Cerreto Guidi, emergenza amianto dopo il maltempo | Foto

I cittadini segnalano al Comune allo 0571906203, il nome, l'indirizzo, il numero di telefono, la localizzazione dei manufatti contenti amianto da rimuovere

In pieno accordo con ARPAT ed Asl, il Sindaco di Cerreto Guidi, dopo una prima ordinanza relativa alla raccolta da parte dei cittadini di piccoli quantitativi di cemento-amianto, ha emesso una nuova ordinanza, relativa alla raccolta di quantitativi superiori alle piccole quantità di cemento-amianto in aree pubbliche e private.

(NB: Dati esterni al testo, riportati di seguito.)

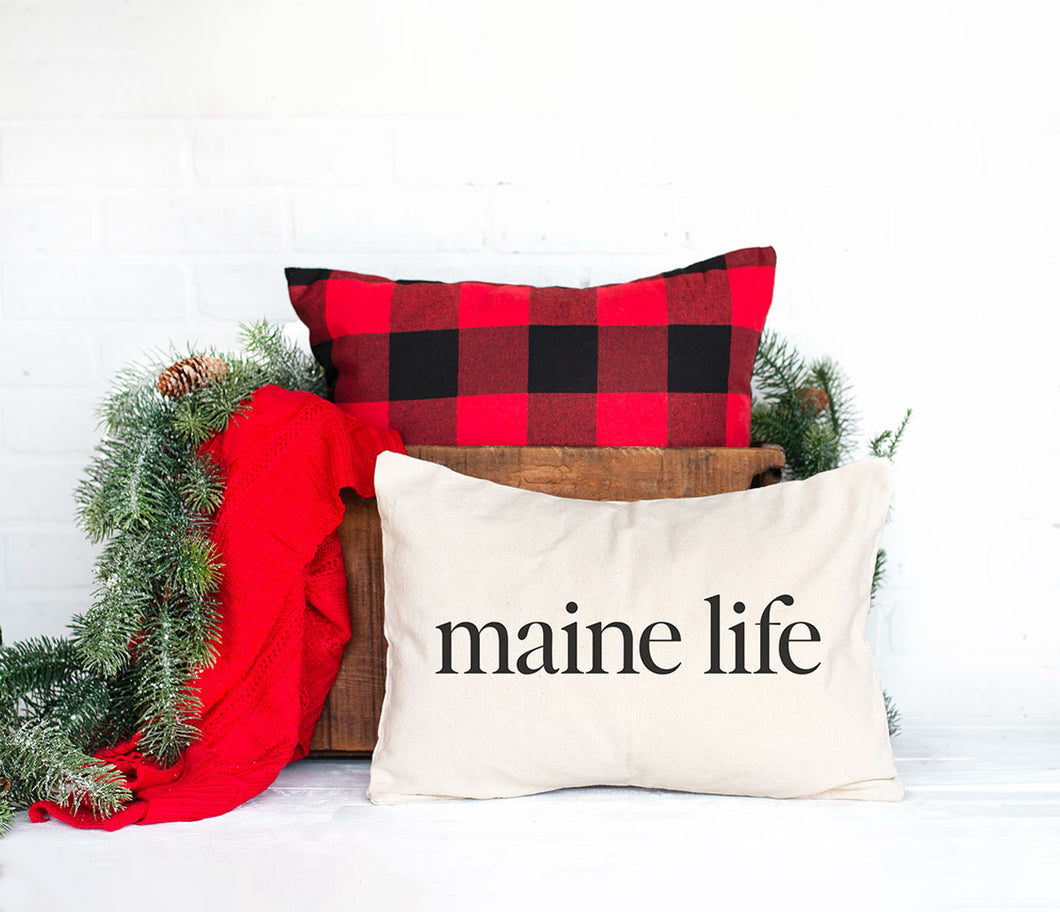 Small pillow that reads 'Maine Life'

 Per la pulizia di superfici pubbliche, marciapiedi e superfici a bordo strada Publiambiente coordina il mantenimento della bagnatura e squadre per l’individuazione, la cernita e la raccolta dei frammenti di materiali contenenti amianto. Tali materiali contenenti amianto sono confezionati in big bag chiusi e posizionati a bordo strada per essere successivamente raccolti ed allontanati appena tecnicamente possibile. Contemporaneamente alla cernita dei materiali contenenti amianto saranno raccolti separatamente i materiali inerti. Successivamente alla raccolta dei frammenti Publiambiente procede allo spazzamento previa ulteriore bagnatura; eventuali cumuli di materiali misti contenenti amianto, presenti lungo i margini stradali, saranno bagnati e coperti con apposito telo per la loro successiva cernita e rimozione.

 Giovanni Donzelli, capogruppo di Fratelli d’Italia in Regione Toscana, ha effettuato un sopralluogo nel Comune dell’empolese, tra i centri più colpiti dal maltempo.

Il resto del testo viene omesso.